これも大切な年中行事と思ってはいるのだが、さていつまで続けられるであろうか。
暖かいうちに素早く四角い伸し板に入れて延ばす。
片栗粉をまぶす。
餅は、まさに神人共食(しんじんきょうしょく)。
神様とともに食事をする、あるいは神様の食べたものを自分も食べることで、その力やご利益を得ようというものだ。
正月の餅は基本的には神様(年神様)にお供えするもの。その餅を食べることは神人共食であって、古来さまざまな願いが込められてきたのだろう。
今ではスーパーに常時並んでいる切り餅パックで珍しくもなんともないが感はあるが、間違いなくハレの日の食べ物である。
そんなこんなで、我が家では今もって餅は大切な正月のアイテムである。

昔は、正月からしばらくの間は餅を食べる日がずっと多かった。
伸し板を使い四角く伸した餅を保存しておき、食べるタイミングで切り分けていっていた。
固くなった板状の餅を包丁で切るのだが、これがなかなか手強い。
出刃包丁のような頑丈なものでもなかなか太刀打ちできない。
今は亡き祖母や母は、固くなった餅を切るのにずいぶんと苦労していた。
それを見て、手伝った記憶も鮮やかに甦る。
幾多の苦労を経たであろうその節くれ立った手で握る包丁がやけに印象的だった。
小生にとっては、餅を切る所作は嫌でも彼女たちの記憶に重なってしまい、やや切ない心象風景である。


おっと、まずい。。。
最近は涙腺が弱くなったようで、昔の記憶が甦るとちょっとしたことで懐かしさを通り越して瞼が熱くなる。
かつての祖母・母の年齢に自分もなったということ、年を取ったということだろう。
(数え年の考え方だが)新年を迎えると皆ががひとつずつ年を取る。

          

さて来年はいかがな年になるであろうか。
特別に良いことが何もなくて良い。ただただ平穏な年であることを切に願う。

プログの更新頻度は(以前に較べて)少なくはなろうが、また続けていきたいと思う。
引き続きよろしくお願いします。

2013年12月23日月曜日

サンタクロースはやってくる

この3連休、世はクリスマス一色だ。
デパートも街も、こぞって金色・銀色の煌めきだ。
商業主義がはびこり、本来の意味合いとはほど遠いものになっている感がある(クリスマス商戦→年末商戦→正月商戦・・・と息つく暇が無い程にカキイレドキである)が、まあ仕方ない。
皆の心がウキウキやらワクワクし、そして人にやさしくなれる心が生まれたりするのであれば、きっとそれがその人に『サンタクロースが来た(宿った)』ことなのだろうと思う。

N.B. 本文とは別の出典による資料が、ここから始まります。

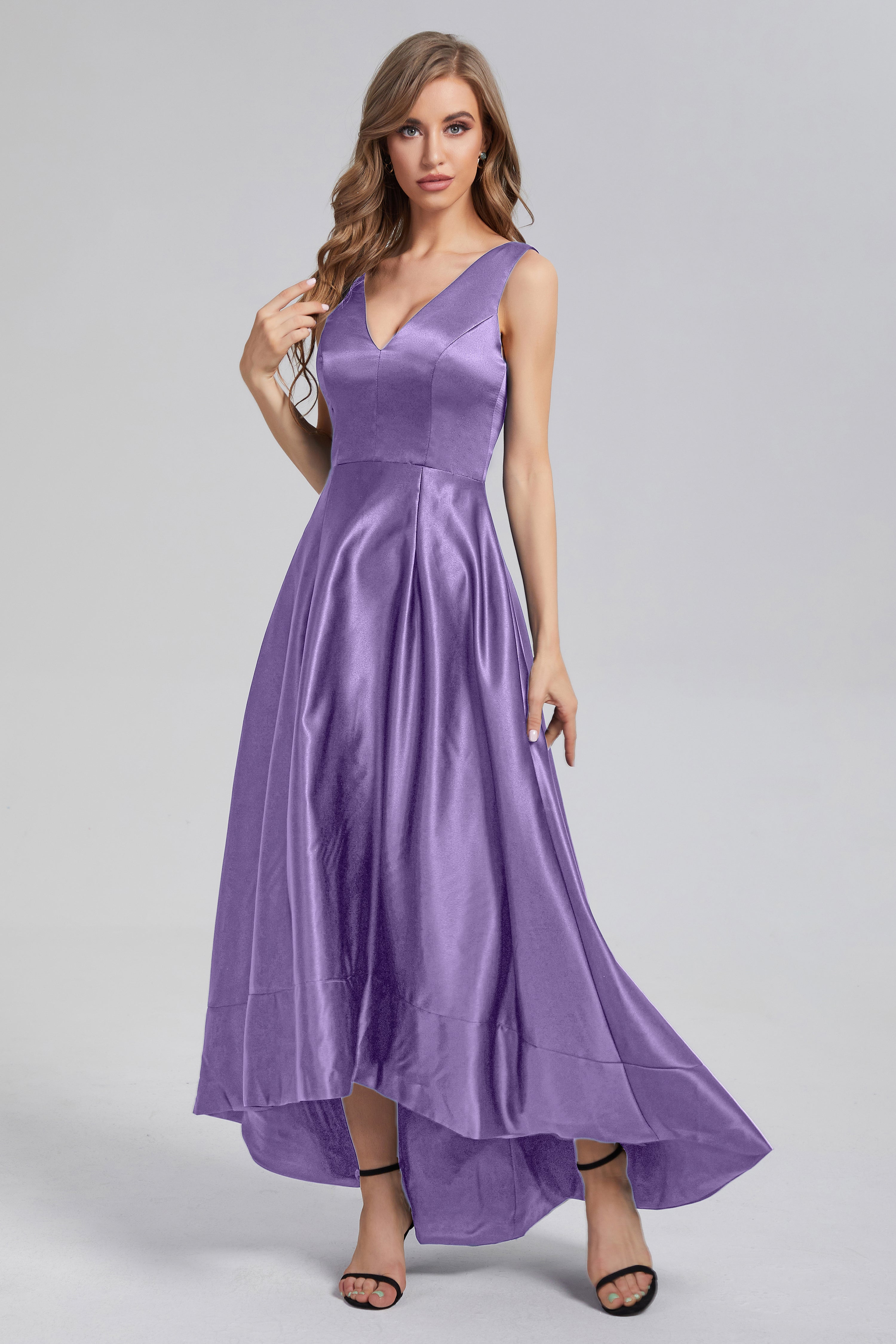 Sleeveless High Low Satin Prom Dresses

サンタクロースとは、大人も子供も関係なく、人にやさしくなれる心を抱かせる、あるいはその人を幸せだと思わせる、目に見えない何か大切な存在のことなのではないかと思っている。たとえば大切な人にふと心やさしくなった時など、その人にサンタクロースがやってきた(宿った)と解釈している。
つまり、あの赤い服を来たサンタはそんな目に見えないものを信じられない・想像できない人のための便宜的なもの、というのが小生の考え。
勝手な個人的な解釈だがそんな風に、昔から頑に信じている。

         

話は変わって、かつてのバブル景気(1986〜1991)の頃の話である。
JR東海が流していたCMで『シンデレラエクスプレス』がある。
東海道新幹線を舞台にした遠距離恋愛がテーマで、山下達郎 の『クリスマスイブ』が使われた。懐かしくその頃を思い出す御仁も多かろうと思う。

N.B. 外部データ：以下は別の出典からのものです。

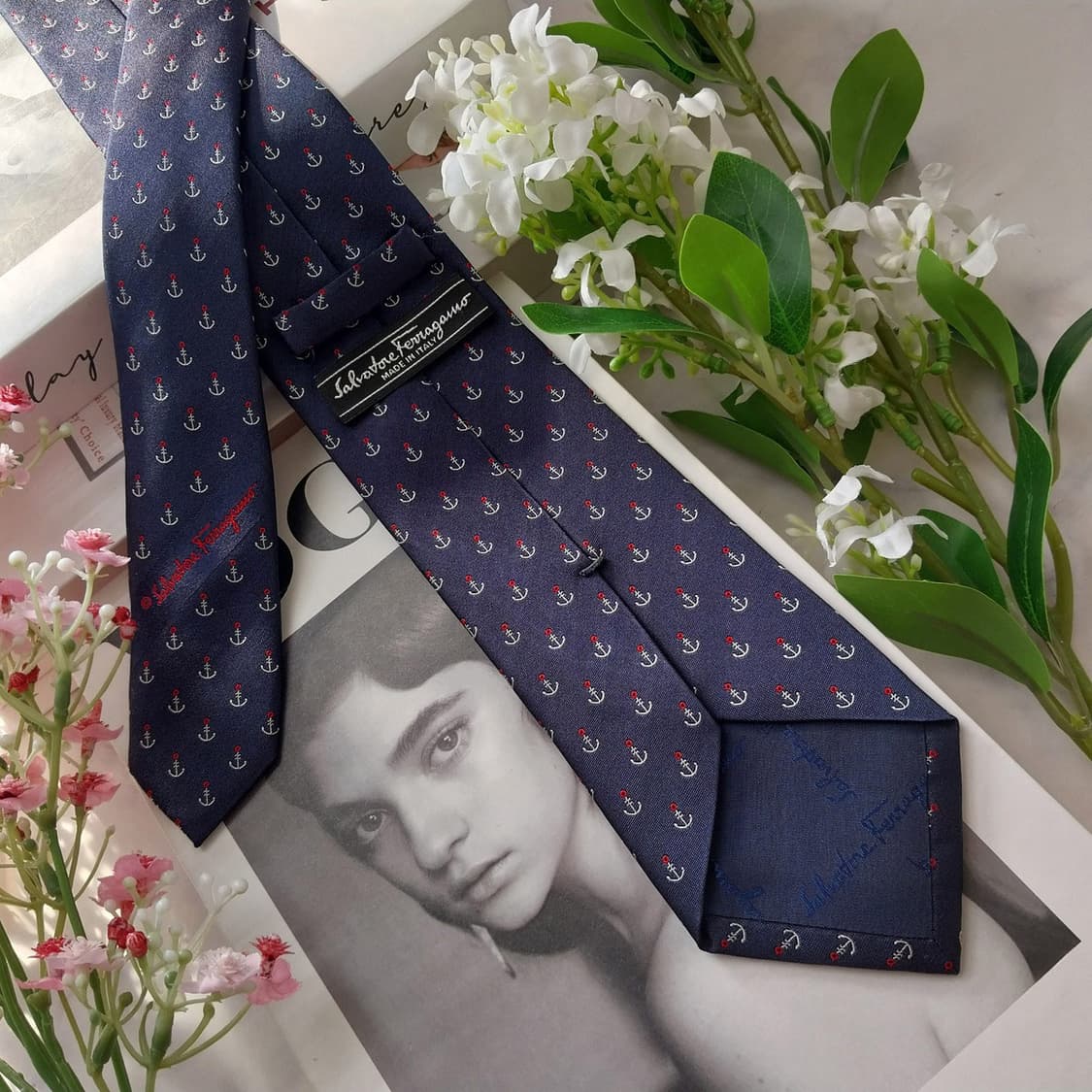 페라가모 실크 네이비 앵커 패턴 넥타이 7.3cm A+등급 K1726
 상품이미지7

YouTube   → JR東海 Xmas Express CM 1988年~1992年 & 2000年


なんともバブリーな感じが漂っていて、あの時代の空気を正しく反映していると思う。

いまのような携帯電話が無かった時代の恋愛を象徴しているなんとも言えないCMである。
自分自身とはほど遠いCMシチュエーションであることは百も承知ながら、見入っていた記憶がある。
いまこの歳になって、このCMをYouTubeで見ても『そうなんだよなぁ〜、相手と連絡が容易につかないからこそ、こんなハラハラもイライラもドキドキもあったんだ。うんうん、確かにドラマがあったんだよ・・』などと勝手に頷いたりしている。
大方の人が(CMのような甘美な体験はしていないと言う意味で)小生と同じようなものだろうとは思うのだが、シンデレラエクスプレスなる言葉とともに、このCMはある世代以上では甚だ共感を得たのである。

携帯電話が一般的になって便利になったことが、あの時代のほろ苦かったり逆に幸せだったりした、ちょっとしたセンチメンタリズムをすっかり無くしてしまったようだ。
このCMのような体験はいまの若い世代にはなかなか想像がつかないことだろう。
かわいそうな気もする。
あの当時と現代。
どちらの男女の逢瀬にサンタクロースはより微笑んで、大切なプレゼントを下さることだろうか。
神様は(おそらくケチクサイことはしないだろうから)より深い慈しみの心で両者に幸せを与え賜うとは思う。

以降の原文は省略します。